This exercise calls for the line with "2 bed House", the line with "試合前に円陣を組む沖縄尚学ナイン（撮影・西田忠信）", and all lines between them in the material below, output exactly and with no other lines.

DATA EXCERPTS -

Segment Open

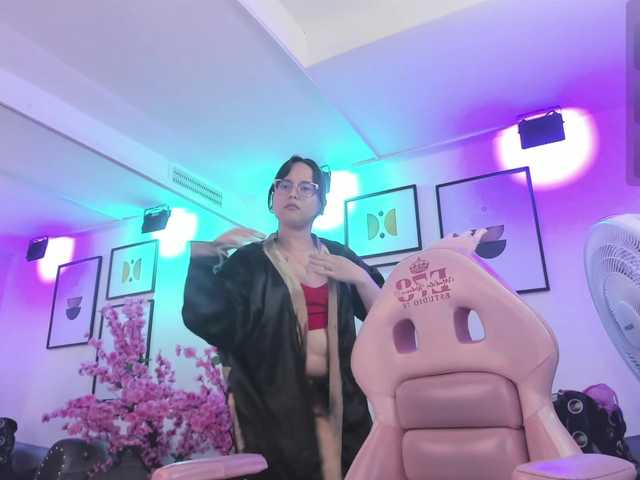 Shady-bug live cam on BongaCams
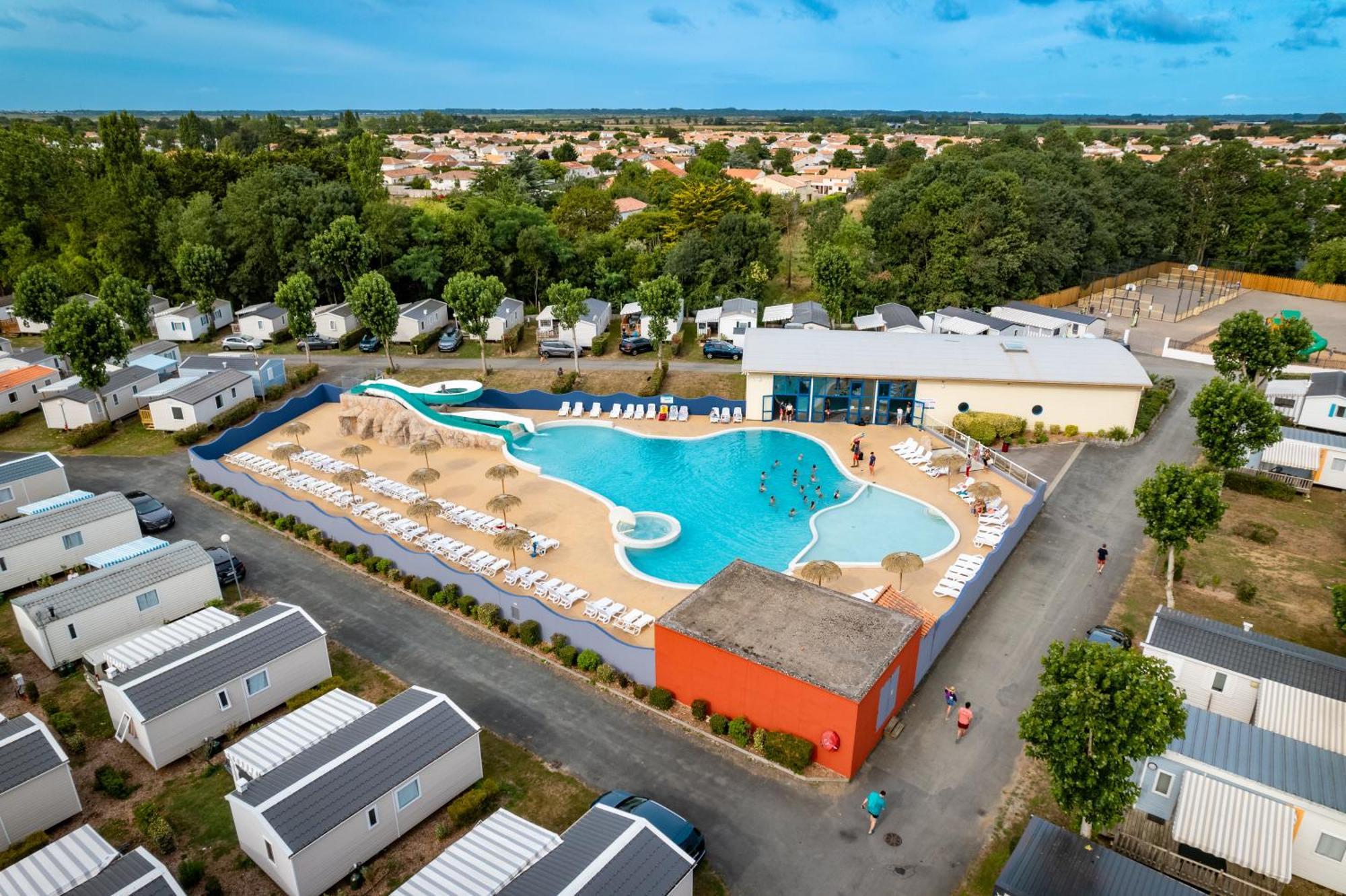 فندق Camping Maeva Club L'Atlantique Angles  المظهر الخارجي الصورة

Segment Closed
Segment Open

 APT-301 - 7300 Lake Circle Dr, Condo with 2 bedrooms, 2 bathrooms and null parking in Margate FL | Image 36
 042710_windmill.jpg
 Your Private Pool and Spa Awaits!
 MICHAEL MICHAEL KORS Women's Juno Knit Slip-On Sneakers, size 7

Segment Closed
Segment Open

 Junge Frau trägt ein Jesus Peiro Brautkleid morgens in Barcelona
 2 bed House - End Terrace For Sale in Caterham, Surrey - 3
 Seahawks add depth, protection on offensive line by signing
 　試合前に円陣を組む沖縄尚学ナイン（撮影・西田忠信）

Segment Closed

COMPLETED EXERCISE -
 2 bed House - End Terrace For Sale in Caterham, Surrey - 3
 Seahawks add depth, protection on offensive line by signing
 　試合前に円陣を組む沖縄尚学ナイン（撮影・西田忠信）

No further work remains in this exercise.